1.Ook in artikel 3:270, lid 5 BW wordt genoemd: “degene wiens goed is verkocht”.
2.Asser Steneker 5 (Procesrecht) 2019, nummer 731
3.Hoge Raad 29 april 2011, LNJ BP4984, NJ 2011, 372 (Ontvanger/Eijking q.q.)
4.Zie M.L. Tuil: “De positie van de executieopbrengst in faillissement” in Maandblad voor vermogensrecht 2011, p. 262-267, waarin juist ook om deze reden wordt aangenomen dat de curator kan optreden in een rangregeling.

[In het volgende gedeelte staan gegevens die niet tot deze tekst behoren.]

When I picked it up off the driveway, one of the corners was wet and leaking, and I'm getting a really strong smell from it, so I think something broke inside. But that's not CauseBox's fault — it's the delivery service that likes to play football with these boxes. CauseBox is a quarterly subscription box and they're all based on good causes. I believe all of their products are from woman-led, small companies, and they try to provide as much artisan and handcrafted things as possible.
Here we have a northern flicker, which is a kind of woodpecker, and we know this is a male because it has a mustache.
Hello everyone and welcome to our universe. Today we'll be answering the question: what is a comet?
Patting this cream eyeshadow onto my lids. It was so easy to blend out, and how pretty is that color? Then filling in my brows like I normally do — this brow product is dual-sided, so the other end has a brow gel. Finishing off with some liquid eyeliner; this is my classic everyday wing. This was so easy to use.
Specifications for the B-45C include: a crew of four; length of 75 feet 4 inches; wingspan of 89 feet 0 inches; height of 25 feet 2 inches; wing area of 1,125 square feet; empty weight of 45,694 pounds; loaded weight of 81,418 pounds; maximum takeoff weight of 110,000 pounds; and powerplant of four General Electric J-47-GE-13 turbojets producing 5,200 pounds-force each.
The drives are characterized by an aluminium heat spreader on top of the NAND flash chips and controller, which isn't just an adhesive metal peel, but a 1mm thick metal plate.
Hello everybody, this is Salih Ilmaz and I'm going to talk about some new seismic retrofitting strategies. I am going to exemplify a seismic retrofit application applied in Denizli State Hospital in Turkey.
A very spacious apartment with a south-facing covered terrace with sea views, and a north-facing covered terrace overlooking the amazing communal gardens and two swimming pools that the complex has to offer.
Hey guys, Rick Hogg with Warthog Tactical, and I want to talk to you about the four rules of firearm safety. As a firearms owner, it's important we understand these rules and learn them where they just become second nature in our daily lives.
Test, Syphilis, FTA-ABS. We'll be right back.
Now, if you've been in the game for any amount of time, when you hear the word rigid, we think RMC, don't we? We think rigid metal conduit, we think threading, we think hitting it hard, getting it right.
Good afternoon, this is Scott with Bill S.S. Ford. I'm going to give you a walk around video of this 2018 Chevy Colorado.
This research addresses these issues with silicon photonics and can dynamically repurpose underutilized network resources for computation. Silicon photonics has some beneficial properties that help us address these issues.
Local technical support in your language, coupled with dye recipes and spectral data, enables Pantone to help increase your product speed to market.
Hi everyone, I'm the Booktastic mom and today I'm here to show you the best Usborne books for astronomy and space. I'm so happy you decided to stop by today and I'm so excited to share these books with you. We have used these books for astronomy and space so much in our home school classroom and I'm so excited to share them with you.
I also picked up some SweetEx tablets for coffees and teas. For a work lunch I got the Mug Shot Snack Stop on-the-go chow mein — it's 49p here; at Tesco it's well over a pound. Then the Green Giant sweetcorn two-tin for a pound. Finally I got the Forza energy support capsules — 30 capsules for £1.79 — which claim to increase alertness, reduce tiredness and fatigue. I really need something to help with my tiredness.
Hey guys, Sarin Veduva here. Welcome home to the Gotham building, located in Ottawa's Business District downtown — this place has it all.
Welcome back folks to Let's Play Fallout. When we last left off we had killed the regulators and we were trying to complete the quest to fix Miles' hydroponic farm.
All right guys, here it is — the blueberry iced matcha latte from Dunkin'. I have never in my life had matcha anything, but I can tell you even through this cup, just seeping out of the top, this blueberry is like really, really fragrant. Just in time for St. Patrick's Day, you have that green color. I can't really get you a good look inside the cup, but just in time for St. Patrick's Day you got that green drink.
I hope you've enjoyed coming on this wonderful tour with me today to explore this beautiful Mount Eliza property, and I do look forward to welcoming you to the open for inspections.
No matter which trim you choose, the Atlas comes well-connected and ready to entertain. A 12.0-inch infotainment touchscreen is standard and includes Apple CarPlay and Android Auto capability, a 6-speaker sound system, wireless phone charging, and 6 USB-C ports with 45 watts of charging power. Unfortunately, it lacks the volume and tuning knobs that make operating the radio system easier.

5.Rb Utrecht 23 oktober 1997, JOR 1998/15 met annotatie van mr. J.J van Hees
6.Hoge Raad 29 juni 2007, ECLI:NL:HR:2007:BA0033 of NJ 2007/420
7.Zie het proces-verbaal, pagina 3 en 4
8.Volgens de aanvulling op het proces-verbaal van de curator d.d. 29 juni 2021 zou hij hebben gezegd dat de stelling van de heer [A] dat hij van de bank persé bestuurder moest worden, nergens uit blijkt, en door hem wordt betwist.